Por João Carlos de Queiroz – Resumidamente, a história de Gilmar da Silva Moraes, morador tradicional de Cuiabá-MT, poderia ser contada de várias formas. Vou optar pela mais simples; até mesmo pela eventual impaciência de algum provável leitor. Sei quando sou cansativo.
Gilmar é um dos milhões de portadores de necessidades especiais do mundo, condição que se sobrepôs à de atleta de futebol, após receber forte impacto de bola na cabeça. Foi durante um jogo em Cáceres,interior de Mato Grosso. De lá pra cá, após superar coma profundo, Gilmar nunca mais foi o mesmo, e as muletas se tornaram então companheiras solidárias…
Eu o conheci em Cuiabá, em meados dos anos 2000, quando era frequentador assíduo de pizzarias no município vizinho, Várzea Grande. Gilmar apareceu à noite num dos estabelecimentos do tipo, revendendo dvds. Seu trabalho diário, ganha-pão, informou sem pestanejar ao apresentar a diversidade de filmes.
Impressionou-me o sorriso franco do falante rapaz, que até conseguia fazer piadas de seu calvário físico. “Subir rampas é mais difícil, pois minha a perna (direita) não ajuda, e às vezes nem consigo virar o pedal nas rampas; aí, a bicicleta retrocede de repente, e estrebucho feio no chão”.
Gilmar explicou assim que sua força motora, dos membros inferiores, estava reduzida (parcialmente) a uma perna. Isso fica notório quando o observamos arrastar o próprio membro em gingado sofrido, detendo-se, vez ou outra, para endireitar o pé re torcido. Sempre sorrindo, inacreditável!
A pedalante, protagonista dessa jornada trabalhadora do ex-jogador, era uma bicicleta comum, porém “meio especial”, diria, por conta de encaixe retangular no pedal direito. Peça que acoplava o pé de Gilmar, evidentemente protegendo-o de algum tipo de colisão. “É um pé morto”, ainda diz simplesmente.
OTIMISMO – Também relembro que Gilmar “jantava” espetinhos gelados, guardados na sua mochila. Elogiava o cardápio ambulante.
Os anos se passaram e o jovem adquiriu uma motocicleta modesta, 125 cilindradas. Não tardou para se acidentar uma, duas, três, quatro, cinco vezes (ufa!). E a moto pioneira foi aposentada por destruição.

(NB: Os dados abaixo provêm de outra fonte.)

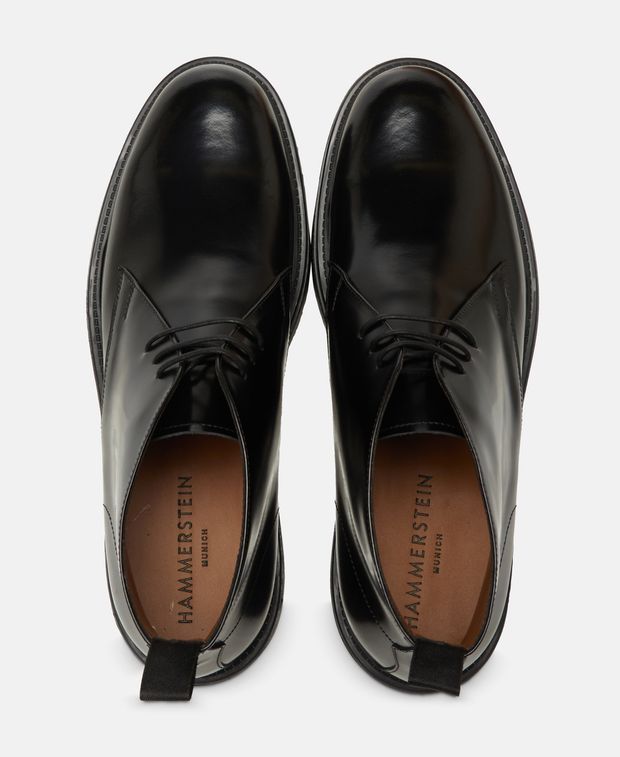 Schnürstiefeletten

Compadecendo-se de sua situação, incluindo a persistência de trabalhar honestamente, um amigo o presenteou com outra moto do tipo, companheira de mais acidentes. Hoje, Gilmar está na quarta condução motorizada, e admite que cair se tornou rotina em sua vida. “Já ando ralado por natureza”.
Gilmar circula sem habilitação entre Cuiabá e Várzea Grande, mas agradece à Polícia Militar e à Guarda Municipal {de Várzea Grande} por não apreender seu único transporte. “Já me pararam um punhado de vezes em blitzes. Houve um sargento que não me conhecia e gritou feio: “Desce da moto, já!” Mas, ao ver que não conseguia atendê-lo, pois minhas muletas estavam amarradas na moto, ele disse chocado: vai embora, rapaz, vai com Deus!”
Este relato simplório é porque eu reencontrei Gilmar ontem no prestigiadíssimo Rei do Mocotó, Mercado Municipal de Cuiabá. Fui lá a contragosto, após passar noite febril e com dores estranhas. Temia estar com dengue ou algo pior. Mas ver novamente o sorriso animado de Gilmar, ouvi-lo dizer que tem projetos de vida, e que está amando, pretende fazer isso e aquilo, é desmonte de qualquer desânimo.
Gilmar é exemplo de motivação para quem pensa que a vida acabou diante de qualquer percalço. Ainda que ande arrastando os próprios membros sem vida aparente, ele faz com que o todo do corpo tenha sintonia direita com seu coração iluminado. É de onde procede essa inesgotável luz que atrela felicidade aos seus passos de atleta eterno.